Somehow your first message to the list on this topic didn't make it to me.
Had to read it in the archives. Anyway, thanks so much. My postscreen
config was generated through a discussion on this list with rob0 some time
ago, as well as his postscreen config (
http://rob0.nodns4.us/howto/postfix/main.cf). Perhaps if he's reading, he
can correct this.

I can't believe I've been whitelisting mass mailers. That's far from what I
would want to be doing. In fact, I'm considering figuring out some
spamassassin rules to better identify them based on the dnswl queries.

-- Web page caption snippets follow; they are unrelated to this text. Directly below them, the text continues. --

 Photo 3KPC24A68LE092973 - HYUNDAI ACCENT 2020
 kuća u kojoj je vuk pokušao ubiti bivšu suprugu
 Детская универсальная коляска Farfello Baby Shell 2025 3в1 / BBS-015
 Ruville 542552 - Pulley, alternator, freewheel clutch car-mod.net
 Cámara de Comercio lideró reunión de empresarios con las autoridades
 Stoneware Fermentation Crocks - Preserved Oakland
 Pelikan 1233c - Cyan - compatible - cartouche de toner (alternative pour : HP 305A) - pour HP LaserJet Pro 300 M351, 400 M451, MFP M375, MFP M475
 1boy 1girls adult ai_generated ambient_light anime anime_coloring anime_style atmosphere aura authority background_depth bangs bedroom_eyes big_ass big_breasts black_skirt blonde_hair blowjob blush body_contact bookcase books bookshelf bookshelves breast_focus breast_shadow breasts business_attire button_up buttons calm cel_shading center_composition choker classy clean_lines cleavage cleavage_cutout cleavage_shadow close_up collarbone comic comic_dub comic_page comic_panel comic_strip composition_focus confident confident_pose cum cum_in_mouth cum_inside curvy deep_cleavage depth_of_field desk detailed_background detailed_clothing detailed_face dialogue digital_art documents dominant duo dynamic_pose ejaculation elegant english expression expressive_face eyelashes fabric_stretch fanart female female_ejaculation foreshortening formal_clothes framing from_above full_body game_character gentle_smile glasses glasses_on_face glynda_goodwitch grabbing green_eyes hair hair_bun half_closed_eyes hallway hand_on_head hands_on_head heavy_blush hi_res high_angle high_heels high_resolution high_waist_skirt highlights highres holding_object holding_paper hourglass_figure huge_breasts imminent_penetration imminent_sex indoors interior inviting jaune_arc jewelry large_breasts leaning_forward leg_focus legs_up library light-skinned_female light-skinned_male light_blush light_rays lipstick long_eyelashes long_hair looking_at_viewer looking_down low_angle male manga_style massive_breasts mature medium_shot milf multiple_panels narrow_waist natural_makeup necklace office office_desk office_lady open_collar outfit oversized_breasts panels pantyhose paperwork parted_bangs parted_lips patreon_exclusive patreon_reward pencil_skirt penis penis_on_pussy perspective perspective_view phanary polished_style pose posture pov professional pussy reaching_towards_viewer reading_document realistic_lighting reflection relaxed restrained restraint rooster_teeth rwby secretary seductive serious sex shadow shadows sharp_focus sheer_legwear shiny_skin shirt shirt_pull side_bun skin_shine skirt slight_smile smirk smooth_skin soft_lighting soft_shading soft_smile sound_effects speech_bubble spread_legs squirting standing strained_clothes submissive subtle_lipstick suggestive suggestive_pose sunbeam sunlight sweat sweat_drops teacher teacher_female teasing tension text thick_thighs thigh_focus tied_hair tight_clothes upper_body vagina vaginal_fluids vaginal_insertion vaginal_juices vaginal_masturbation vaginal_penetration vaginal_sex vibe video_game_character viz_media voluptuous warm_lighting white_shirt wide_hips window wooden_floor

Regarding your DNS caching comments, thanks for this too. I hadn't realized
there would be bandwidth savings by having one or two DNS servers that are
queried on the network versus having a local cache on each mail server.
I've always been a bind loyalist, but will consider the powerDNS program if
it doesn't improve.

I've already made the postscreen changes on the systems, and already
noticing fewer DNS queries.

I've also removed swl.spamhaus.org entirely, thanks to a conversation with
spamhaus and comments from Tom Hendrikx about it being discontinued.

Thanks everyone!
Alex


Re: Understanding postscreen timeouts

2014-05-02 Thread /dev/rob0
On Fri, May 02, 2014 at 08:10:18PM -0400, Alex wrote:
 On Fri, May 2, 2014 at 6:45 PM, Stan Hoeppner 
 s...@hardwarefreak.comwrote:
  On 5/2/2014 6:07 AM, Wietse Venema wrote:
   Stan Hoeppner:
   swl.spamhaus.org*-4
   list.dnswl.org=127.[0..255].[0..255].0*-2
   list.dnswl.org=127.[0..255].[0..255].1*-3
   list.dnswl.org=127.[0..255].[0..255].[2..255]*-4
  
   Consolidate these last 3 to something like:
list.dnswl.org=127.0.[2..14].[2..3]*-4
  
   These three will result in one list.dnswl.org query, just like 
   the consolidated one. There is no performance difference.
 
  Correct.  The reason for consolidating these is not to reduce 
  queries.
 
   However, there is a correctness difference. The consolidated 
   form has the same weight 4 for all results, while the original 
   form has different weights.
 
  The consolidated form gives no score to a 4th octet value of 
  [0..1], but gives -4 to [2..3].  This is the key difference.
 
  Alex' form and weights are not correct.  And that is why I posted 
  the link to the return codes.  The second 'octet' is always zero, 
  not a range.  The 3rd octet has a range of 2-15, and the 4th 
  octet a range of 0-3.  Specifying a range of 0-255 or 2-255 to 
  cover the future may have the opposite effect, resulting in 
  potential disaster, depending on how/if/when dnswl changes 
  things.  Such wildcards should not be used.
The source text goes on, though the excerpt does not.